Epsilon Drunk Binary Search Analysis

A comprehensive study of the "Balmer Peak" phenomenon in binary search algorithms, where introducing controlled randomness (epsilon) can improve performance on certain array structures.

Overview

This project implements and analyzes Epsilon Drunk Binary Search, a modified binary search algorithm that uses 0.5 + ε instead of 0.5 for the midpoint calculation, where ε is a small random offset. The research explores how different array structures (characterized by their Gini coefficient) respond to different levels of search "drunkness."

Key Concepts

Epsilon Drunk Binary Search

Standard binary search: Uses exact midpoint mid = (low + high) / 2
Drunk binary search: Uses perturbed midpoint mid = low + (high - low) * (0.5 + ε)
Epsilon (ε): Random offset in range [-ε_max, +ε_max]
- Negative ε = "undershoot" (bias toward lower indices)
- Positive ε = "overshoot" (bias toward higher indices)

Array Drunkness (Gini Coefficient)

The Gini coefficient is a statistical measure of inequality originally used in economics to measure income distribution. In our context, we apply it to measure the inequality in gap distributions between consecutive array elements.

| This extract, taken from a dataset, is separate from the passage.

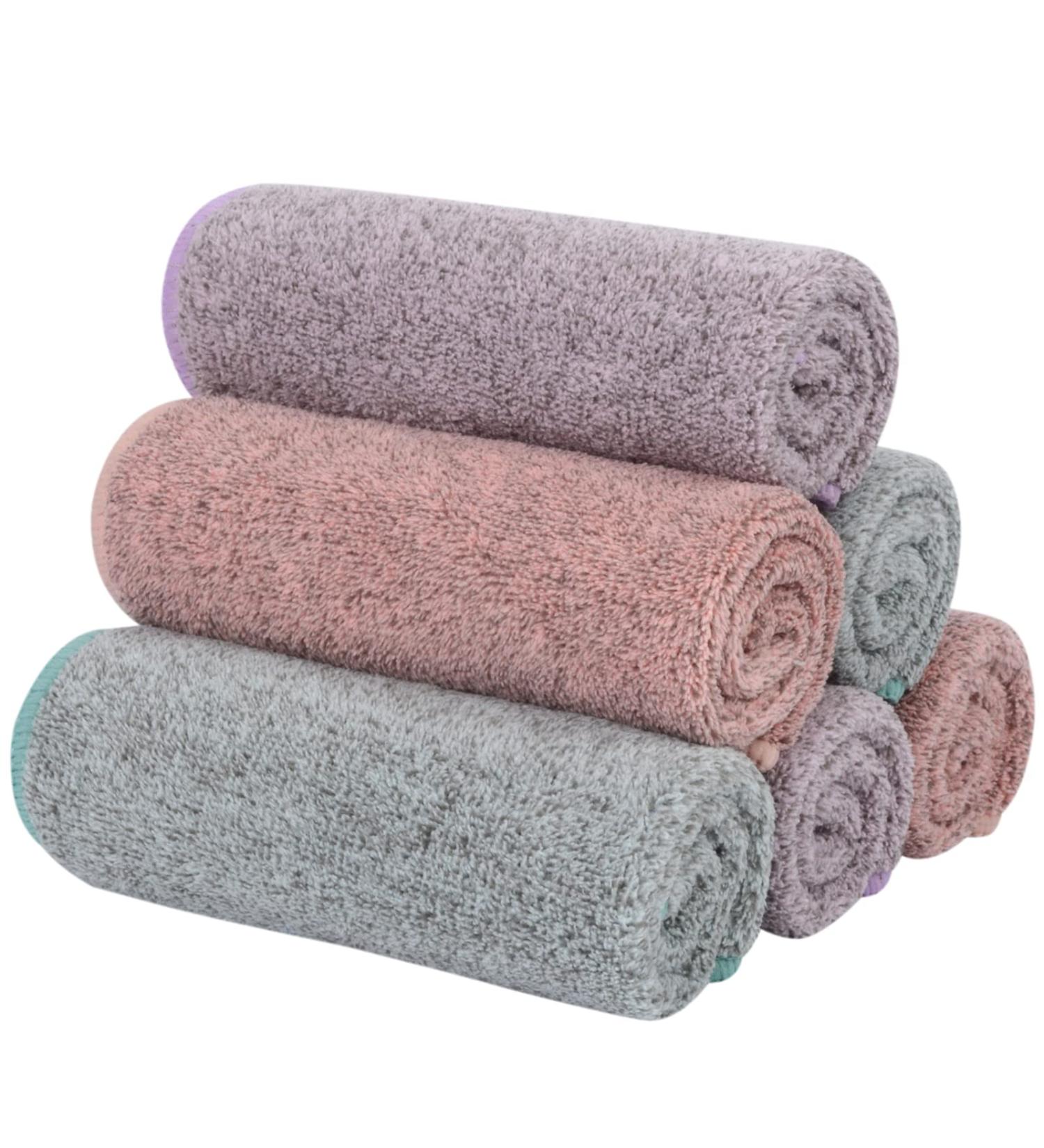 SINLAND Microfiber Face Towels 12x12 6 Pack | Ultra Soft Facial Washcloths in Curry, Green, and Purple - Buy Online on GoSupps.com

Sober arrays: Perfectly even spacing between elements (Gini = 0.000)
Drunk arrays: Uneven gap distributions with some large and small gaps (higher Gini values)
Mathematical definition: For gaps $g_1, g_2, \ldots, g_n$:

$$\text{Gini} = \frac{2 \sum_{i=1}^{n} i \cdot g_i}{n \sum_{i=1}^{n} g_i} - \frac{n+1}{n}$$
Why we use it: The Gini coefficient provides a single, intuitive metric (0-1 scale) to characterize how "uneven" or "drunk" an array's structure is, allowing us to systematically study performance across different data distributions.

Balmer Peak

The Balmer Peak is a programming folklore concept suggesting that there's an optimal level of alcohol consumption that maximizes programming productivity - too little and you're overly cautious, too much and you make mistakes.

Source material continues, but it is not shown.